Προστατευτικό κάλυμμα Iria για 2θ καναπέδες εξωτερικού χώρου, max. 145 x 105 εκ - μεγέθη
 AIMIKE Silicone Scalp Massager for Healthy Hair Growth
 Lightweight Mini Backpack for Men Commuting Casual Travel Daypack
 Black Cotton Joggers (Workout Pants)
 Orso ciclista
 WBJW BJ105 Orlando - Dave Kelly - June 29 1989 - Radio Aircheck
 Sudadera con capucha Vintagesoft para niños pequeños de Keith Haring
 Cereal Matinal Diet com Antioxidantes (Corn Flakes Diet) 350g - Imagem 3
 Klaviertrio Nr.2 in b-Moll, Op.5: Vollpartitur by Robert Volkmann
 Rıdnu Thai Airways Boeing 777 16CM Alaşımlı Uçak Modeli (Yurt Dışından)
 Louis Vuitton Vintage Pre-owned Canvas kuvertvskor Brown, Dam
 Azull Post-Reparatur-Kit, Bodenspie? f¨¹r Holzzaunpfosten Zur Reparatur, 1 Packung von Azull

• INSTRUCTIONS TO FOLLOW
Only the lines from the one containing "Klaviertrio Nr.2 in" through the final line of the material should be printed, each word for word. Both of those lines count.

• TASK RESPONSE
 Klaviertrio Nr.2 in b-Moll, Op.5: Vollpartitur by Robert Volkmann
 Rıdnu Thai Airways Boeing 777 16CM Alaşımlı Uçak Modeli (Yurt Dışından)
 Louis Vuitton Vintage Pre-owned Canvas kuvertvskor Brown, Dam
 Azull Post-Reparatur-Kit, Bodenspie? f¨¹r Holzzaunpfosten Zur Reparatur, 1 Packung von Azull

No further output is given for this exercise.